KG Berlin Vergabesenat, 10.02.2020, Verg 06/19,
Gründe
Randnummer1
Die sofortige Beschwerde ist zulässig und begründet. Auf die Beschwerde hin war die angegriffene Entscheidung gemäß § 178 Satz 2 GWB sowie im Hinblick auf § 538 Abs. 2 Nr. 1 und 3 ZPO (vgl. Steck in Ziekow/Völlink, Vergaberecht, 3. Aufl. 2018, § 178 Rdnr. 10 a.E.) aufzuheben und die Sache zur Verhandlung sowie erneuten Entscheidung an die Vergabekammer zurückzuverweisen.
Dem liegen folgende Erwägungen zu Grunde:
1.
Das von der Vergabekammer durchgeführte Verfahren leidet an vielzähligen schwerwiegenden Mängeln, die es unter rechtsstaatlichen Gesichtspunkten allenfalls als Rumpfverfahren erscheinen lassen.
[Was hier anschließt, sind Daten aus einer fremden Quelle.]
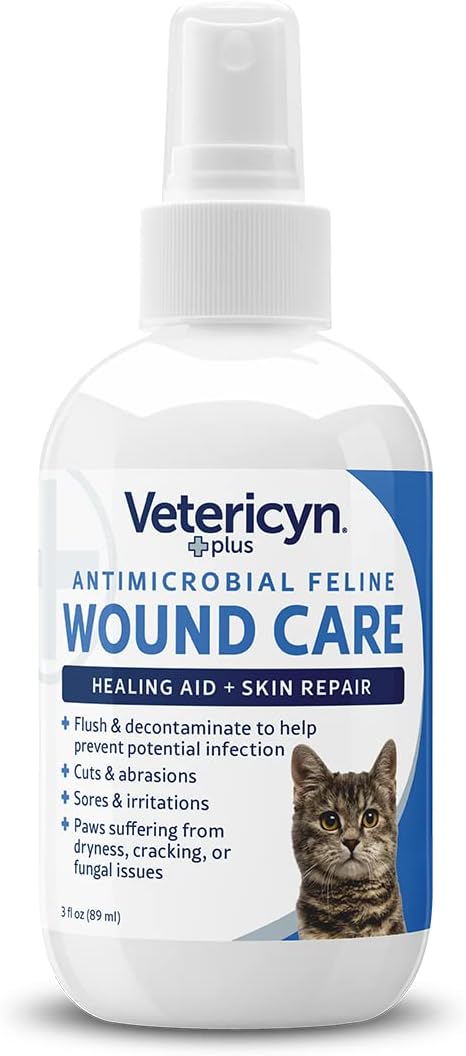 Vetericyn Plus feline healing aid spray bottle close up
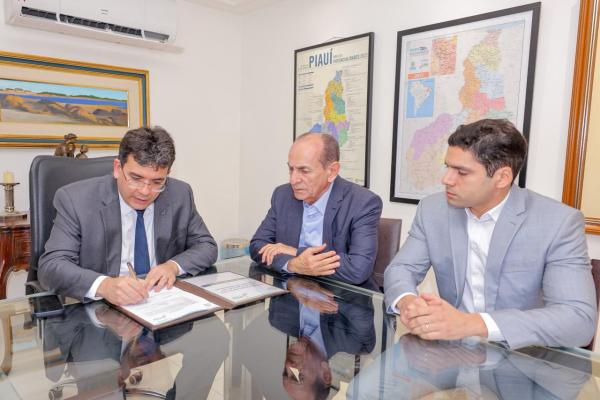 Rafael Fonteles assina ordens de servi&ccedil;o para pavimenta&ccedil;&atilde;o em Teresina, Picos, Piripiri e Floriano com investimento de R$ 27 milh&otilde;es.(Imagem:Gabriel Paulino)
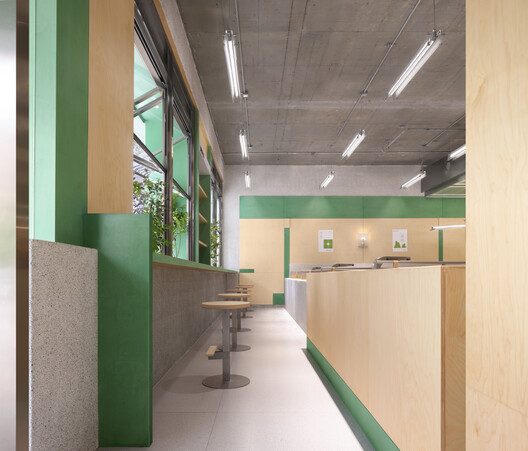 Restaurante SUMMIT ROAST / Informal Design - Imagen 14 de 35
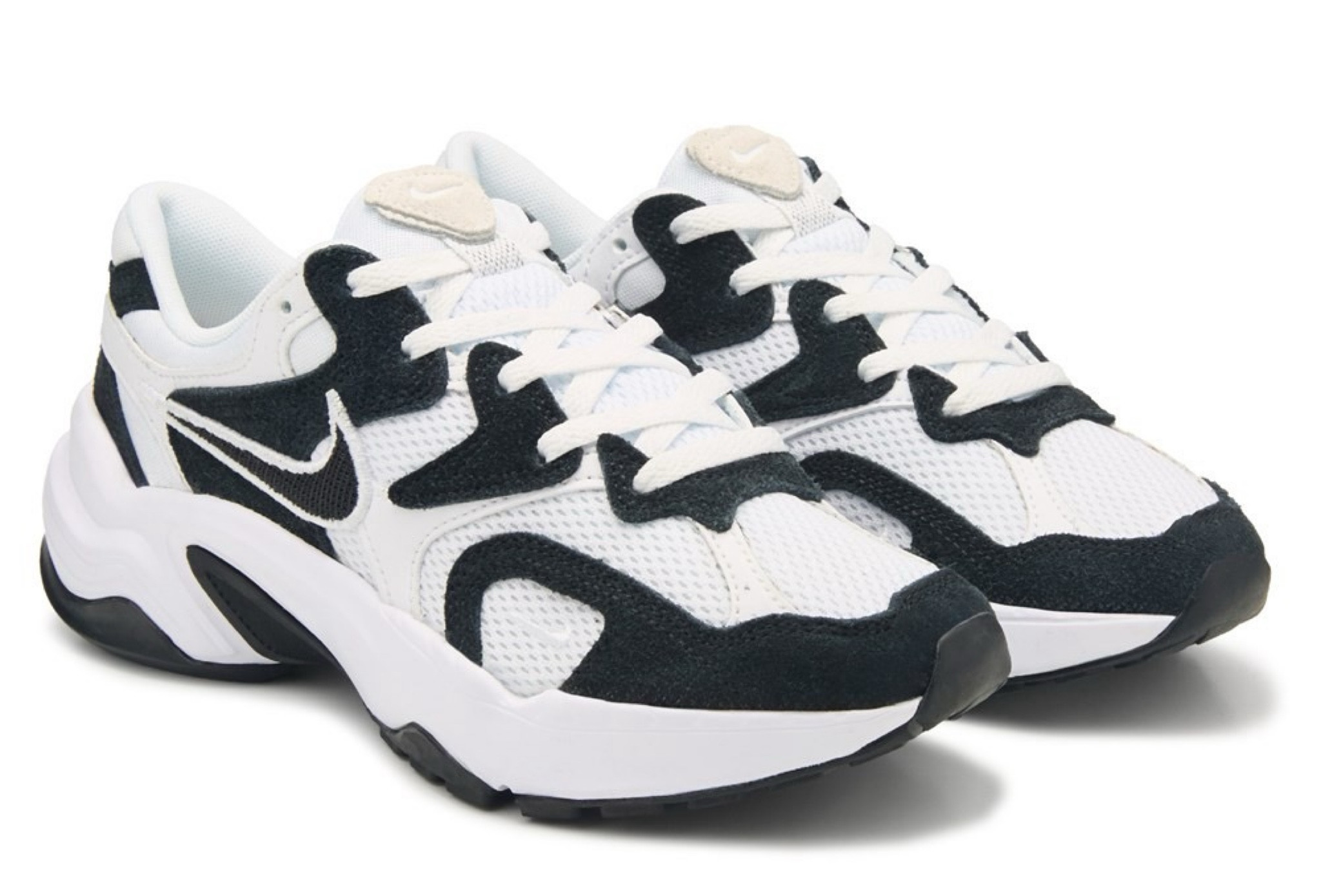 Nike’s latest drop is 👌🏾! Shop them below! Under $90!
#nike #nikedrop #latestsneakers #nikeal8 #trendy #preppy #backtoschool #teacheroutfits #falloutfits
Insbesondere hat die Vergabekammer es rechtswidrigerweise unterlassen, der Antragstellerin Akteneinsicht zu gewähren (a.), die akteneinsichtsversagende Entscheidung zu begründen (b.), den zuschlagsfavorisierten Bieter beizuladen (c.), eine mündliche Verhandlung durchzuführen (d.), den Vergabenachprüfungsantrag dem Antragsgegner in Schriftform zu übermitteln (e.) und die Vergabeakte beizuziehen sowie zur Kenntnis zu nehmen (f.).
Hierzu im Einzelnen:
a)
Die Vergabekammer hat der Antragstellerin die Wahrnehmung ihres Rechtes aus § 165 Abs. 1 GWB auf Einsichtnahme in die Akten der Vergabestelle rechtsgrundlos verweigert und ihr damit zudem den verfassungsrechtlich garantierten Anspruch auf Gewährung rechtlichen Gehörs aus Art. 103 Abs. 1 GG abgeschnitten.
Denn gemäß § 165 Abs. 1 GWB steht den Verfahrensbeteiligten ein – im Ausgangspunkt – uneingeschränktes Recht auf Akteneinsicht zu, das gemäß § 165 Abs. 2 GWB nur dann eine Einschränkung erfährt, wenn „wichtige“ Gründe, insbesondere des Geheimschutzes oder zur „Wahrung von Betriebs- oder Geschäftsgeheimnissen“ die Einsichtversagung „gebieten“. Dass vorliegend irgendwelche Interessen des Geheimschutzes oder der Wahrung von Betriebs- oder Geschäftsgeheimnissen überhaupt in Rede stehen, geschweige denn die Versagung der Akteneinsicht „gebieten“, wird von niemandem behauptet und auch von der Vergabekammer nicht in Betracht gezogen. So führt die Vergabekammer keinerlei Gründe an, warum sie die Akteneinsicht verwehrt. An einer Stelle der Gründe des Beschlusses deutet die Vergabekammer – gleichsam konkludent – sogar an, dass sie eine „Akteneinsicht, die [ ] erst das Auffinden etwaiger [Rechts]verstöße ermöglichen [soll]“, für unberechtigt oder irgendwie anstößig hält (Seite 10 der Beschlussausfertigung). Dies allerdings lässt ein grundlegendes Fehlverständnis der Vergabekammer vom Akteneinsichtsrecht erkennen.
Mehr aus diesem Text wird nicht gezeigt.